La trame narrative de ce western somme toute classique ne brille guère par son originalité. Ses différents éléments, des conditions de détention dégradantes dans le camp au début à la fusillade finale dans un décor de ville abandonnée, en passant par un manichéisme jamais vraiment pris en défaut au fil de la chasse à l’homme, nous ont même fait douter si nous ne l’avions pas déjà vu dans un passé lointain. Il n’en résulte pas moins une admirable cohérence dans la lassitude des personnages, fatigués de la guerre qui tire laborieusement vers sa fin et pas non plus trop satisfaits apparemment du statu quo, fait de bonheur et d’innocence, dont ils découvrent avec une amertume grandissante le caractère factice. Les enjeux pour lesquels ils se battent les uns contre les autres, dans un engrenage de plus en plus absurde, perdent ainsi en précision, au fur et à mesure que les repères rassurants sont sacrifiés sur l’autel d’une drôle de guerre privée, jouant les prolongations après la fin des hostilités officielles. Or, le ton du film n’accède jamais entièrement au niveau d’une tragédie grandiose. Sans doute est-ce à cause de son envergure commerciale et artistique trop modestes pour viser de telles hauteurs de règlement de compte ultime, simultanément avec l’Histoire américaine et le rêve de réussite individuelle sur lequel elle est fondée depuis toujours.

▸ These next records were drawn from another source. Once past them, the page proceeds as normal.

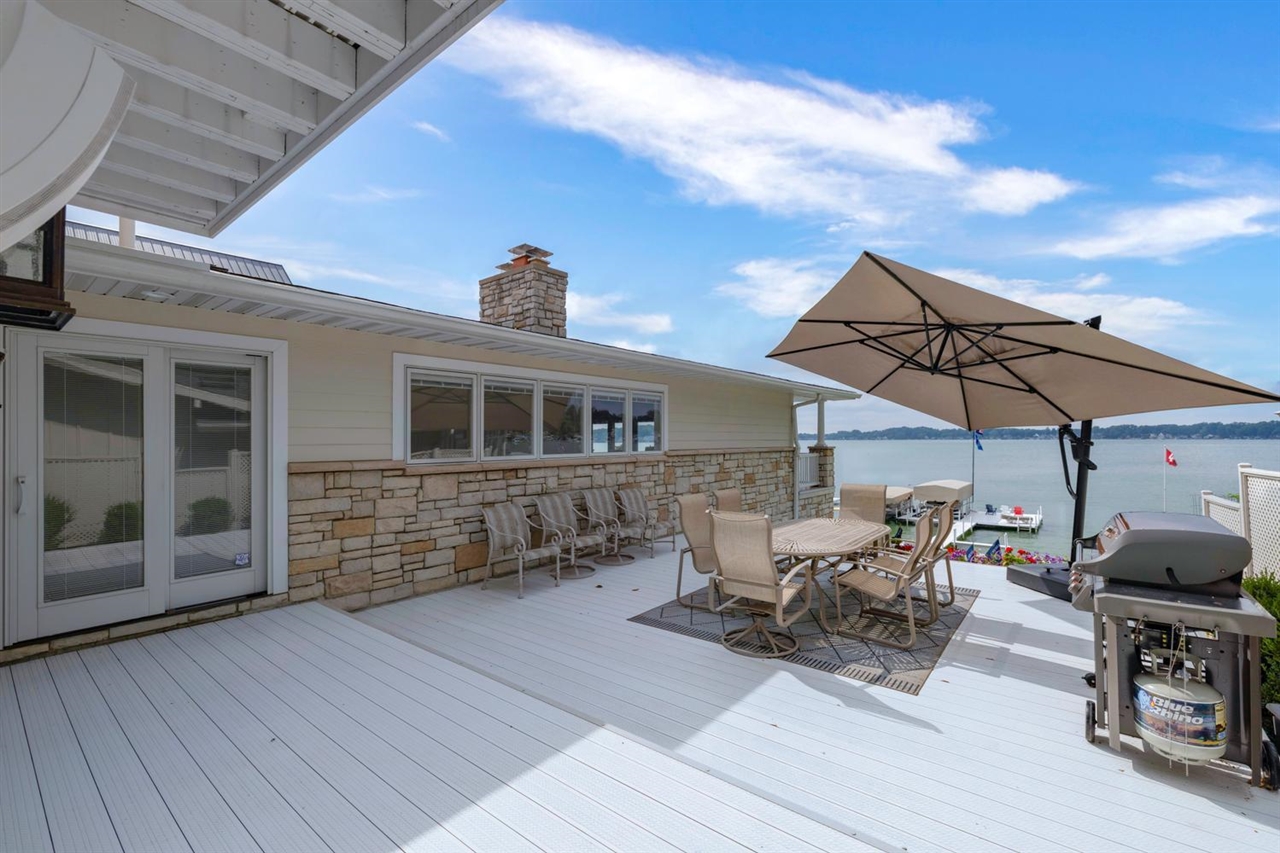 main property photo 50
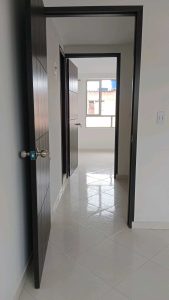 se_arrienda_casa_nueva_castill_1745952264-4966_686.jpeg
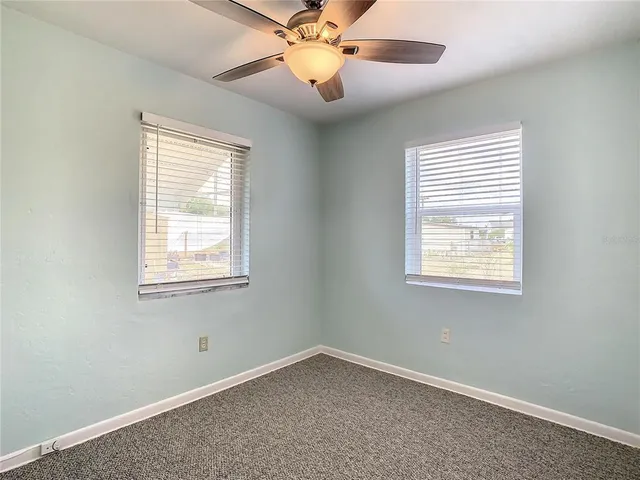 $1,640 | 22186 Catherine Avenue, Port Charlotte, FL 33952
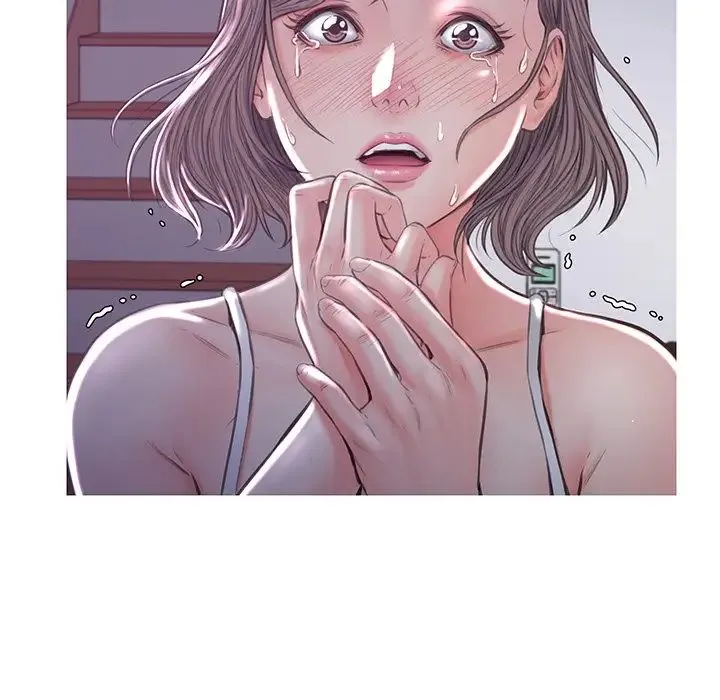 俏儿媳 第53話 第128页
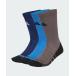 �A�f�B�_�X�@adidas �n�C�\�b�N�X �C�� �p�t�H�[�}���X �N���C�}�N�[�� �N�b�V���� �N���[�\�b�N�X3���g / �A�f�B�_�X adidas �����Y ���f�B�[�X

La virilité mise en question

La source principale du malaise, c’est-à-dire du démontage en règle des codes héroïques de rigueur auparavant, se situe du côté du reflet de l’idéal masculin, particulièrement malmené ici. Le point de départ et son opposition binaire, entre le mari valeureux et presque trop terne et prévisible pour être attirant et le rebelle avec son air de charmeur narquois suprême, se voient ainsi systématiquement pervertis, jusqu’à ce qu’il ne reste plus rien d’autre qu’un énorme désarroi, voire une soif de mort assouvie in extremis. Dans ce contexte de la morbidité des attributs virils, il est à noter que la séquence du déshonneur crucial est très vite expédiée, malgré un appétit grandissant du public de l’époque pour une représentation plus débridée de la sexualité au cinéma, au profit d’une sempiternelle rancune à distance entre Wolcott et Bentley. Enfin, dans les deux camps militaires, d’étranges couples d’hommes donnent, eux aussi, une image indubitable de la gente masculine en crise. D’un côté, les deux trouillards sont affublés de tous les clichés nauséabonds associés à l’époque à une caricature nullement valorisante de l’homosexualité, tandis que de l’autre, les deux brutes se provoquent sans cesse dans un douteux rituel qui les mène vers la mort, en parfaite logique pour un film aussi pessimiste.

Conclusion

Même si La Poursuite des tuniques bleues n’a point marqué l’Histoire du western, il est néanmoins un exemple tout à fait satisfaisant de la fin douce-amère d’un cycle. Les héros d’antan n’y font plus recette, puisque ils ont laissé la place à une forme de décadence passablement jouissive. La spirale inextricable vers la disparition définitive de toute notion d’honneur s’y agence avec une certaine adresse et pas sans efficacité, en dépit de la topographie pas toujours concluante des affrontements.